La journaliste Catherine Vincent me semble poser les bonnes questions concernant l'influence d'Internet sur les jeunes :

"Quels comportements auront à l'âge adulte ces enfants de la Net-génération ? Seront-ils plus sociaux que les générations précédentes ? Plus solitaires ? Affectivement plus fragiles, intellectuellement plus polyvalents ? Certitude : d'ores et déjà, leur réseau de sociabilité s'étend bien au-delà du réseau des contacts physiques. " Etre fille ou fils de... compte moins aujourd'hui qu'être en lien avec... ", constate Sylvie Octobre, sociologue au département des études, de la prospective et des statistiques du ministère de la culture. " Ce que les jeunes sont en train d'apprendre, c'est à être capable d'entretenir la bonne relation avec la bonne personne en n'importe quel point de la planète. " Un " capital social " qui, selon elle, constituera un véritable avantage dans nos sociétés futures."

Avec les communautés virtuelles, poursuit-elle, chacun prend conscience qu'il est un individu parmi des millions d'autres, mais aussi qu'il peut être contacté depuis le monde entier. Cela confère aux adolescents une légitimité nouvelle, qu'ils ne trouvent ni en famille ni dans le milieu scolaire. " Au sein de la sphère privée et familiale, ces nouvelles compétences ne vont pas sans bouleverser les principes traditionnels.

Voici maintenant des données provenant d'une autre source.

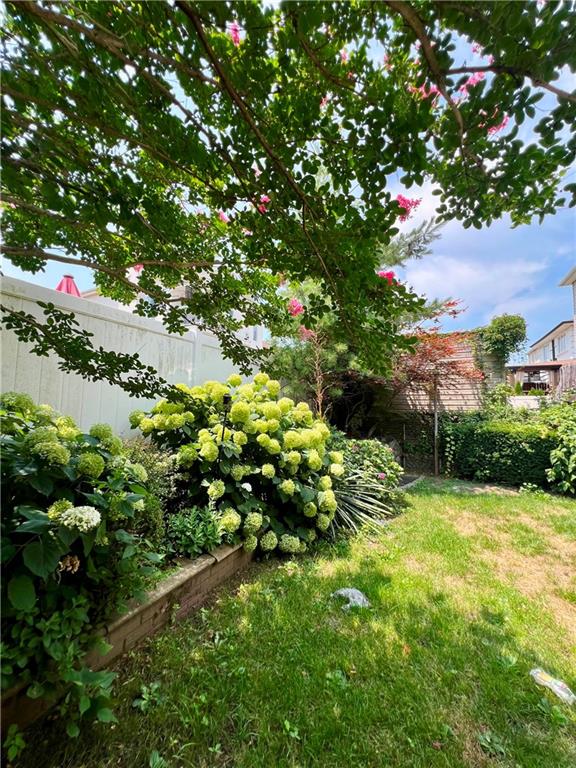 2436 East 74th Street Property Photo 9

A la transmission descendante, des parents aux enfants, s'est ainsi ajoutée une transmission ascendante, des enfants aux parents... Et, surtout, une transmission horizontale entre pairs. (…)

Tout de même : à trop fréquenter ces communautés virtuelles, nos enfants ne risqueraient-ils rien d'autre que de mauvaises rencontres ? Les dédoublements d'identité (pseudos, avatars) dont ils usent avec bonheur ne peuvent-ils être nocifs pour le développement de leur personnalité ? " Bien au contraire, l'alter ego numérique peut parfois redonner un peu de souffle à notre être réel ", estime le psychologue Michael Stora. (…) En revanche, il craint que l'usage immodéré de l'ordinateur n'entraîne, pour les plus fragiles (des garçons, pour l'essentiel), " la disparition des rencontres en IRL " (" in real life " : dans la vie réelle).

" La cyberdépendance, quand elle est avérée, vient toujours mettre au jour un problème, remarque-t-il toutefois. Comme pour l'alcool et le tabac, l'objet technologique révèle chez certains individus une structure addictive, mais il ne la fabrique pas. " Toxiques pour certains, les TIC auraient pour d'autres des fonctions curatives. " Beaucoup de gens se soignent par le biais des chats ou des forums, et utilisent ces outils comme des expériences auto-thérapeutiques ", poursuit M. Stora, que la clinique a conduit à rencontrer nombre de personnes " ayant osé, grâce à cette pratique solitaire, affronter et dire certaines choses ". Le Web deviendra-t-il, parmi d'autres, un remède contre les maux de l'âme ? L'avenir dira si ces lieux virtuels constituent " un nouvel opium du peuple, grâce auquel chacun pourra exprimer sa violence intérieure tout en étant, dans la vie réelle, plus soumis qu'aujourd'hui ". Ou s'ils seront, au contraire, des endroits " où l'on apprendra l'insoumission "...

Moins pudiques, plus agiles et plus inventifs, les enfants de la Toile, à en croire certains, présenteraient toutefois une tare majeure : à force d'être sollicités par mille choses à la fois, leur capacité de concentration se réduirait comme peau de chagrin. Mais comment en être sûr ? Et qu'est-ce qui sera le plus utile dans la société de demain : être capable de se fixer longtemps sur une même activité, ou gérer plusieurs tâches en même temps ?

" A en juger par l'évolution récente du marché du travail, de nombreux métiers demanderont de plus en plus de savoir être polyactif ", estime Mme Octobre. Pour cette sociologue, le vrai enjeu, en termes de maîtrise de la connaissance, ne concernera pas la capacité de concentration, mais la hiérarchie de l'information. " Pour réussir, il faudra de plus en plus avoir appris à trier, sélectionner et classer par ordre de pertinence la masse d'informations disponibles sur le Net. Là résideront la vraie difficulté, et la vraie source d'inégalités. " Un terrain sur lequel, dès aujourd'hui, l'éducation a un rôle majeur à jouer."